Wednesday, 18 December 2019
Department of Foreign Affairs and Trade
54. To ask the Minister for Foreign Affairs and Trade if he has written to or spoken with his UK counterpart regarding a possible amnesty for the 200 soldiers and police officers being investigated for alleged criminal actions during the troubles; and if the Northern Ireland office has reached a conclusion following its deliberations on same. [47449/19]
I have engaged extensively with the Secretary of State for Northern Ireland and with the leaders of the political parties in Northern Ireland to seek the full implementation of the Stormont House Agreement legacy framework.
The Government’s position is clear: there should be effective investigations into all Troubles-related deaths, regardless of the perpetrator.
That is provided for in the legacy framework of the Stormont House Agreement and it is imperative that this be implemented.
The Government closely monitors all relevant developments in the British Parliament relating to the investigation of outstanding cases in Northern Ireland.
We have been clear that we would not support a proposal to introduce special measures or treatment regarding investigation of state or non-state actors.
The rule of law applies equally to everyone and must be upheld, and this principle is at the core of the Stormont House framework.
There are no amnesties from prosecution provided for in the Good Friday Agreement or any subsequent agreements.
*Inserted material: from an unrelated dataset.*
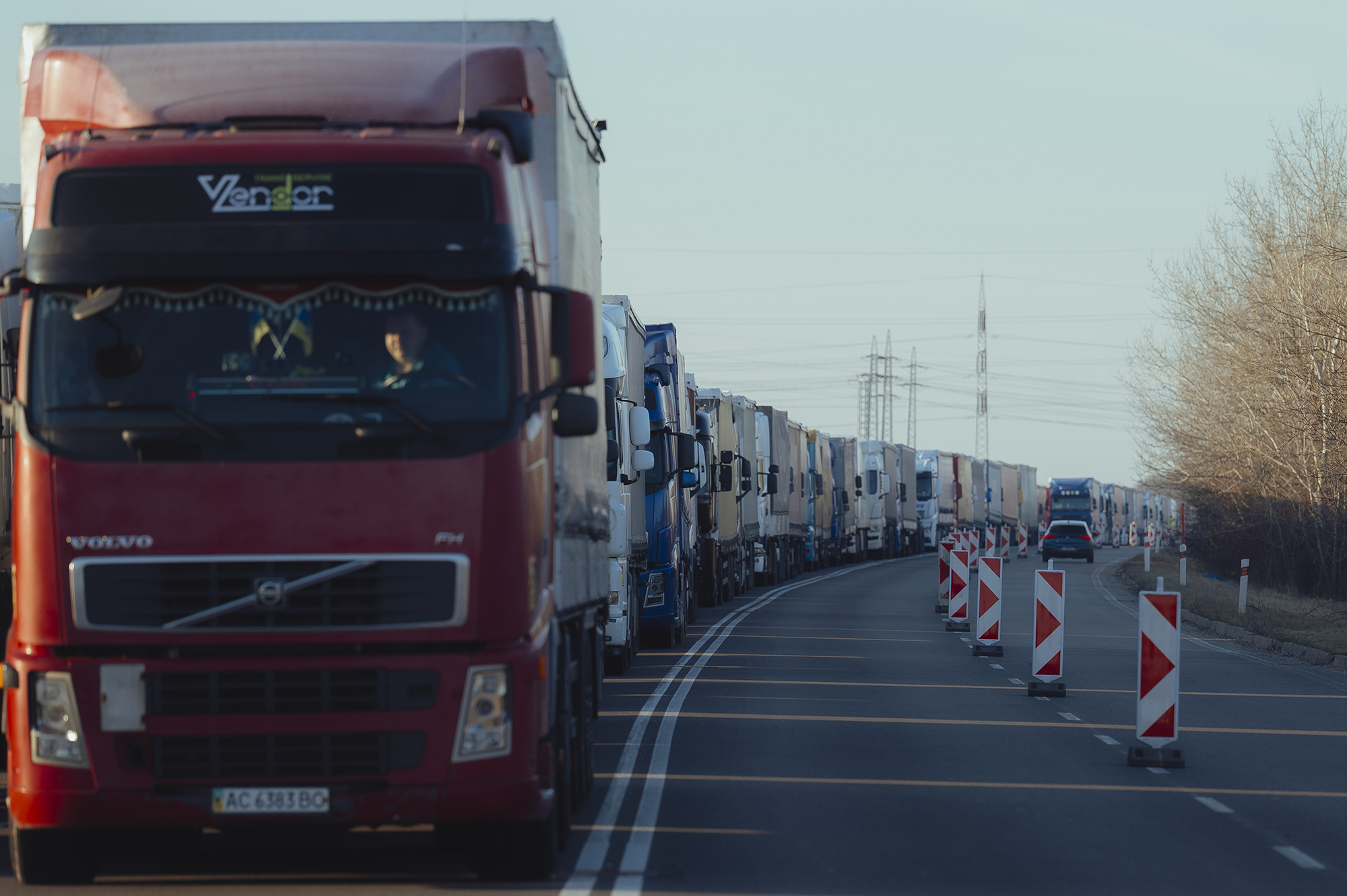 Под атакой мосты - на границе задержки. Почему РФ бьет по Маякам Одесской области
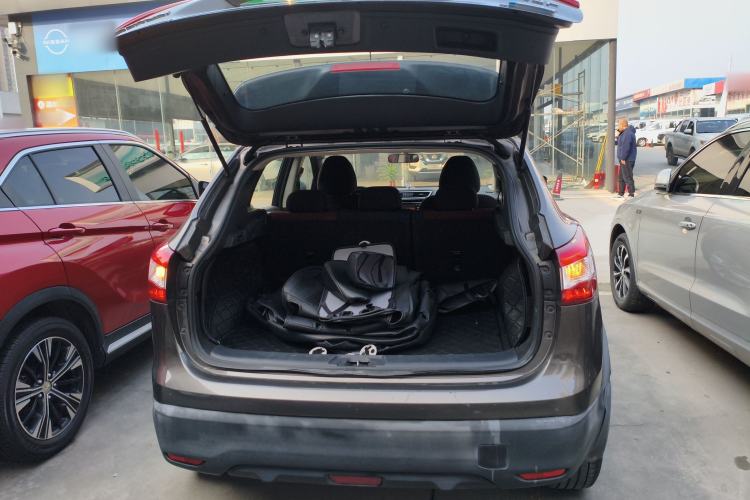 Used Nissan Qashqai 2016 2.0L CVT Elite Edition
The public consultation led by the UK Government in Northern Ireland last year confirmed that a “clear majority” in Northern Ireland believe that a Statute of Limitations or amnesty would not be appropriate for Troubles-related matters.
The Taoiseach and I will continue to engage with the new British Government on this most important issue to secure implementation of the comprehensive framework of the Stormont House Agreement to deal with the legacy of the past in a way that meets the legitimate needs and expectations of all victims and survivors.